The title of this piece is the question I am asked regularly by individuals who are threatened with personal insolvency and are (understandably) concerned their personal pension may be used to repay creditors.
Personal pensions used to be an asset that could be realised for the benefit of creditors. Provided the bankrupt was over the age of 50 years a trustee could realise the tax-free lump sum, the annuities or, in many cases, both. This all changed with the introduction of the Welfare Reform and Pensions Act 1999 (“WRP”) where personal pensions were primarily no longer bankruptcy assets.
What has been long debated is whether a pension ceases to be a pension and becomes income a person is entitled to when they exercise their right to draw down the pension benefits and, therefore fall outside the protective ring of the WRP.
A bankrupt has a statutory duty to cooperate with their trustee and may face serious consequences for failing to comply, including imprisonment. A trustee also has general powers to seek and overturn previous dealings. For example, back in the early 1990s many matrimonial homes were transferred into the sole name of the non-business owner for the consideration of “Love and affection” and were, quite rightly, deemed void. These general duties and powers assist a trustee in his duty to maximise realisations for the creditors and the income derived from pension lump sums and annuities provide funds that assist repayment.

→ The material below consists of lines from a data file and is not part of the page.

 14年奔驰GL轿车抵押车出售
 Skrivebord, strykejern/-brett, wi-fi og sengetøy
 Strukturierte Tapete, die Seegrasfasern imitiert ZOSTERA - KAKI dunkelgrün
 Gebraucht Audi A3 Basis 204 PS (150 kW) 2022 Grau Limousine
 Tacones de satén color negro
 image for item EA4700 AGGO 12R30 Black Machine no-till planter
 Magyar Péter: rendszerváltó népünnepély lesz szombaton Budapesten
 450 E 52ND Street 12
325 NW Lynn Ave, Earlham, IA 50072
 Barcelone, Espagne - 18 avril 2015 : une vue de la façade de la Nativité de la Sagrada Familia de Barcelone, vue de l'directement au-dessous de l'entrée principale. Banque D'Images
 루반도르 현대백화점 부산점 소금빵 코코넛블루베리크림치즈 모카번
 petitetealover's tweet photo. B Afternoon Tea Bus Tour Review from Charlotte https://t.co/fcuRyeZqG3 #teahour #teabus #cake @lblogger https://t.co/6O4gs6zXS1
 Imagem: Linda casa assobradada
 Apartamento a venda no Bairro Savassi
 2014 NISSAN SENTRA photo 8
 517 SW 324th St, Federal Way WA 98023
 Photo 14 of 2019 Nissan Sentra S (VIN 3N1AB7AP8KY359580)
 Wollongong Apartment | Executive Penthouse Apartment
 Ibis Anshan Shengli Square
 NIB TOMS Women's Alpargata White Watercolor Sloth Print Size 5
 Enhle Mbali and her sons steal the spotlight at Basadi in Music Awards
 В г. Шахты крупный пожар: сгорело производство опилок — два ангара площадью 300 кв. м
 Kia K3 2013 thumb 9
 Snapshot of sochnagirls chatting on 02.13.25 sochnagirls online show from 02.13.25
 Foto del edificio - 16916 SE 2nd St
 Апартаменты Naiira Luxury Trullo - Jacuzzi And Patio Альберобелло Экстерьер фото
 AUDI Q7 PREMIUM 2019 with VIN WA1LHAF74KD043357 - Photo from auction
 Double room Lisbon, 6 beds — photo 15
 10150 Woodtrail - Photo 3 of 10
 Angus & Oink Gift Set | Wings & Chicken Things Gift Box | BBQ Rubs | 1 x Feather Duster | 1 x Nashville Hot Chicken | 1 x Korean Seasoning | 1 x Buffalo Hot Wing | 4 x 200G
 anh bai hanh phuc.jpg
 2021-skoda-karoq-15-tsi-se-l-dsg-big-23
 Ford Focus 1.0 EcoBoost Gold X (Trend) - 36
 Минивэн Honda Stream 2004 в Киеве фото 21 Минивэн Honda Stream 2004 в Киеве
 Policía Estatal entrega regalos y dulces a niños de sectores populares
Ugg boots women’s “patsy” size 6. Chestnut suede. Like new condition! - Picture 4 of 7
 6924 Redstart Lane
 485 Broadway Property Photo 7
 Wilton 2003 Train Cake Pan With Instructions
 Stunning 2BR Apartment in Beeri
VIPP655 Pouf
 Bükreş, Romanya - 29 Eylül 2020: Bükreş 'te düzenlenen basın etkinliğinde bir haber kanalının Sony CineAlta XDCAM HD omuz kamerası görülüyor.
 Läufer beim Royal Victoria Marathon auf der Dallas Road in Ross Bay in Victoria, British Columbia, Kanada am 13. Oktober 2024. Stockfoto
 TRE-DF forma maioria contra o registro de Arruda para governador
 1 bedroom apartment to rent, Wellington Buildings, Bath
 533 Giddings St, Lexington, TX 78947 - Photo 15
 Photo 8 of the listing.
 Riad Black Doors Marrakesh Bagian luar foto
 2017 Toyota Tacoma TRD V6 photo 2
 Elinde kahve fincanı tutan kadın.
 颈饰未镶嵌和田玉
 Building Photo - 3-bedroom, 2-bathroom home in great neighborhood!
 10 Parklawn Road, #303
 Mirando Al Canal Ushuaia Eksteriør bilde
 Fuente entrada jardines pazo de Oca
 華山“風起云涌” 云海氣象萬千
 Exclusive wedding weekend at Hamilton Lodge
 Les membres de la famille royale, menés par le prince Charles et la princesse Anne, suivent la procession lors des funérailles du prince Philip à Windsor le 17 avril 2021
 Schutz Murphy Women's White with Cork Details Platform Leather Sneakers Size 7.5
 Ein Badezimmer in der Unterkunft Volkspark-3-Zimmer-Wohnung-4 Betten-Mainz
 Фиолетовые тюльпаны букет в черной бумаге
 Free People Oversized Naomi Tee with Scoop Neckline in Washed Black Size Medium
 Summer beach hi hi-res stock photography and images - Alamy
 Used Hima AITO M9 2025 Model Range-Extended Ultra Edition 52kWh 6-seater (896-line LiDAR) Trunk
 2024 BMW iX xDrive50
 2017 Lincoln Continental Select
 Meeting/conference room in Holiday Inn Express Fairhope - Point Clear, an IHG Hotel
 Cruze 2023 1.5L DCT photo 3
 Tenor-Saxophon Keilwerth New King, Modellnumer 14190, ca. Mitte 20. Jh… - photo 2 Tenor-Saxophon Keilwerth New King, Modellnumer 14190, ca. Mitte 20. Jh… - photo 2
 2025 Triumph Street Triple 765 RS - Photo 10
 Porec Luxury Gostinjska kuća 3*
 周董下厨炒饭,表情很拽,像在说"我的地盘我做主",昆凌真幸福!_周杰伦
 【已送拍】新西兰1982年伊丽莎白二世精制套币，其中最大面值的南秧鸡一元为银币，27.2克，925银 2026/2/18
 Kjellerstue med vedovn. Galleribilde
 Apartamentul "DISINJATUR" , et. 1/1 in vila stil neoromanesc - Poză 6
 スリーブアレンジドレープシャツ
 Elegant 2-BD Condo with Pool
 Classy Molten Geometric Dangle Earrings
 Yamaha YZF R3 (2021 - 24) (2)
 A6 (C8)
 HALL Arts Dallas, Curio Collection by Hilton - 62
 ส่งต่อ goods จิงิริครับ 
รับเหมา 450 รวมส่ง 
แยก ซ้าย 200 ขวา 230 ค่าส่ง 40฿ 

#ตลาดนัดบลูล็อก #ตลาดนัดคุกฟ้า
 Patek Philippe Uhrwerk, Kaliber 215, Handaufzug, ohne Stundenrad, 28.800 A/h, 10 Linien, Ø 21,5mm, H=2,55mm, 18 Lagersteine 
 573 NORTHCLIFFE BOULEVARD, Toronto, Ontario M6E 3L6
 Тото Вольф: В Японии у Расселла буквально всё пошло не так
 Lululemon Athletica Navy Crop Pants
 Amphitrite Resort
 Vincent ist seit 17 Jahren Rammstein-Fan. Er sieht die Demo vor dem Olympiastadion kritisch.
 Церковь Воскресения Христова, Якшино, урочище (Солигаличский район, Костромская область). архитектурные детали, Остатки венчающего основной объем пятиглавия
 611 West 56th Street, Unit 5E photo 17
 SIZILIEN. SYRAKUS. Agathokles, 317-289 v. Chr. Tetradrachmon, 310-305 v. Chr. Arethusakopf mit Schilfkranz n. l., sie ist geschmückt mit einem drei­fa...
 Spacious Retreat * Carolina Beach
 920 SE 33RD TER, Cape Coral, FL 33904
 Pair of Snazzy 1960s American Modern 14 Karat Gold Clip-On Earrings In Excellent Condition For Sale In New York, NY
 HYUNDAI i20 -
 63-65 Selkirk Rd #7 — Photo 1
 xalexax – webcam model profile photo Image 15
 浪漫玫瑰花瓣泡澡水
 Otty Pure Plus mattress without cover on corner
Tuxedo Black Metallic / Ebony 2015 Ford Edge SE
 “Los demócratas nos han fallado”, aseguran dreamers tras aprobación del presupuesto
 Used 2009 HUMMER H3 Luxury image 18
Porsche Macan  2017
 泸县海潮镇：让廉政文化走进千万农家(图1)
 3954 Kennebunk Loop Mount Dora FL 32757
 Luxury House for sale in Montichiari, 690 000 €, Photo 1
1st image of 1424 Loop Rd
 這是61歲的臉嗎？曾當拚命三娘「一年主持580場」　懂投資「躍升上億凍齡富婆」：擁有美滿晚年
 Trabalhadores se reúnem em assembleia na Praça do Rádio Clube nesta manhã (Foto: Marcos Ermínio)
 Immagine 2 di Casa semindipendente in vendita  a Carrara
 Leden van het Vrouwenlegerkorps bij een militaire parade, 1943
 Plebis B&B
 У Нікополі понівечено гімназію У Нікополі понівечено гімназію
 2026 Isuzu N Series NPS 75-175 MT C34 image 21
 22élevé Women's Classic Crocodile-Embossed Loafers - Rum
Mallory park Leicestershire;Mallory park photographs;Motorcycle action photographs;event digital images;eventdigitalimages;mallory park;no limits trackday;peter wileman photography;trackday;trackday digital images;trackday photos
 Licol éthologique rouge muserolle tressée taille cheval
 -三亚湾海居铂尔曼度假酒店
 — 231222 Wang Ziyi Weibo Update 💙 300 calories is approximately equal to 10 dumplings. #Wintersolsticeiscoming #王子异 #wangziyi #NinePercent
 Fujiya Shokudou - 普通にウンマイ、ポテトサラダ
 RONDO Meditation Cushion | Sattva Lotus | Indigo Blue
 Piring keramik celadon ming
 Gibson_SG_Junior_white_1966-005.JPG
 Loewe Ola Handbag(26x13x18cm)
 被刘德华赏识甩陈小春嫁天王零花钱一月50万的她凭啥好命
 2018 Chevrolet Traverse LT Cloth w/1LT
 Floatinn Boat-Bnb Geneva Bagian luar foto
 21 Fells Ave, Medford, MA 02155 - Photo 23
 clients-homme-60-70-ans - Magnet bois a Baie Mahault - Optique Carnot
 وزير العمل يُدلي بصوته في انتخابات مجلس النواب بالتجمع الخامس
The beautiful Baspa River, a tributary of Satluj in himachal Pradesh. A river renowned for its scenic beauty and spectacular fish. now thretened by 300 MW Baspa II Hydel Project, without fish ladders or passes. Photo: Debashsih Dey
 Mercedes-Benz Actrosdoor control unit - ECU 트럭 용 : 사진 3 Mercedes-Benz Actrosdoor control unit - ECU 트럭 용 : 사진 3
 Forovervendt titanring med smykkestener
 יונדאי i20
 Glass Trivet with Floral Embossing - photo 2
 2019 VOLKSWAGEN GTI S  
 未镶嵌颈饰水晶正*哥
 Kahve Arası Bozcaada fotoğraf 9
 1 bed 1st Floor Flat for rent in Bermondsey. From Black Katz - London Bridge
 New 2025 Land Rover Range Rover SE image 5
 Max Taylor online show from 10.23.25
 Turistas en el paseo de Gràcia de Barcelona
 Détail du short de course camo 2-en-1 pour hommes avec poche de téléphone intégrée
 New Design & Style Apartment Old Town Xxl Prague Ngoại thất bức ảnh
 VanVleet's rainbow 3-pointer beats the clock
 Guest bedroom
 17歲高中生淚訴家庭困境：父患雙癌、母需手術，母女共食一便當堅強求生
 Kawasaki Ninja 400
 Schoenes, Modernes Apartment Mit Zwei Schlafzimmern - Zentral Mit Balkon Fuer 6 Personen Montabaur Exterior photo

In the case of Raithatha –v- Williamson  EWHC 909 these duties were tested when a trustee demanded the bankrupt exercise his rights to receive the benefits of his personal pension and the judge determined the pension benefits did fall within the definition of income. Bad news for pension holders who could, by way of this decision, be forced to “Retire early” when it came to their pension benefits.
However, on 7 October 2016 the Court of Appeal overturned the Williamson case. In the matter of Horton –v- Henry the judges decided uncrystallised pension rights did not constitute “Income” and neither the court nor the trustee had power to decide how a bankrupt should exercise elections open to them in relation to their pensions.
This decision does appear to be contrary to the general powers and even promotes debt avoidance by pouring money into personal pensions. However, a trustee can challenge excessive pension contributions and, as I proved a few years ago, demonstrate the pension was merely a tool to defraud creditors. In that sort of scenario a trustee can obtain some (or all) of the pension benefits.
Assuming the Horton case will not be appealed to the Supreme Court the message appears clear. If you are over 50 years of age then unless you really need the pension benefits resist exercising your rights to receive them until you are discharged from bankruptcy. Alternatively, if in doubt you should consult an insolvency practitioner or a pension advisor as a lack of patience (in terms of when to exercise your rights) could prove costly for your future.